Ideals, Morals, Beliefs, and Philosophies
Within your overarching principles you undoubtedly have a number of personal ideals, morals, beliefs, and philosophies that are important to you. These too have likely had an important part in forming who you are and how you live your life. How can you include your ideals, morals, beliefs, and philosophies into your estate plan? By focusing in creating a legacy plan instead of a basic estate plan. There are a virtually limitless number of opportunities to incorporate your ideals, morals, beliefs, and philosophies into a legacy plan.
Charitable gifting frequently plays a major role in legacy planning. For some, their church or other religious affiliation is at the center of their desire for charitable gifting. Others may focus on things such as the environment, politics, space exploration, animals, or any other cause that is important. If philanthropy is part of your life now, why shouldn’t it be part of your estate planning? Legacy planning makes that happen by focusing on how you can continue to give to the causes that matter to you long after your death.

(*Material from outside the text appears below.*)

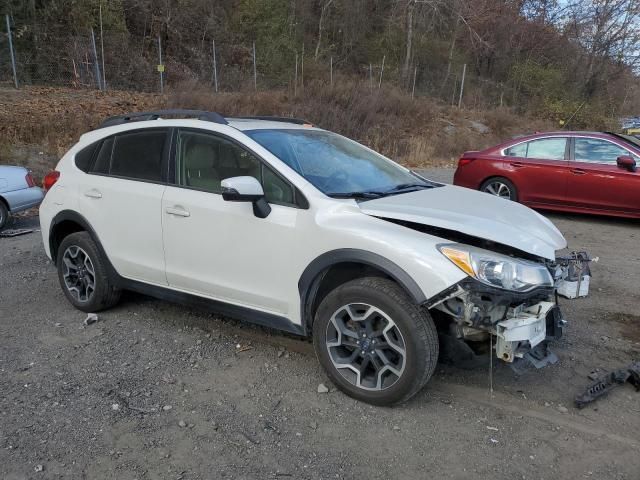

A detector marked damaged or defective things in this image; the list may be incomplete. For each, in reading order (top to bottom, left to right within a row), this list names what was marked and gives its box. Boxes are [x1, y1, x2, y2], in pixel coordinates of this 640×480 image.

Common ways to accomplish this include:
- Direct gifts – a direct gift is a one-time gift to a charitable organization to be used as the organization sees fit.
- Charitable trusts – establishing a charitable trust allows you to have more control over how your assets are used. The trust terms you create will dictate how, when, and for what purpose the assets held by the trust can be used. If the environment is important to you, for example, you might create a trust with trust terms that only allow distributions to companies/organizations that have a record of environmentally friendly practices.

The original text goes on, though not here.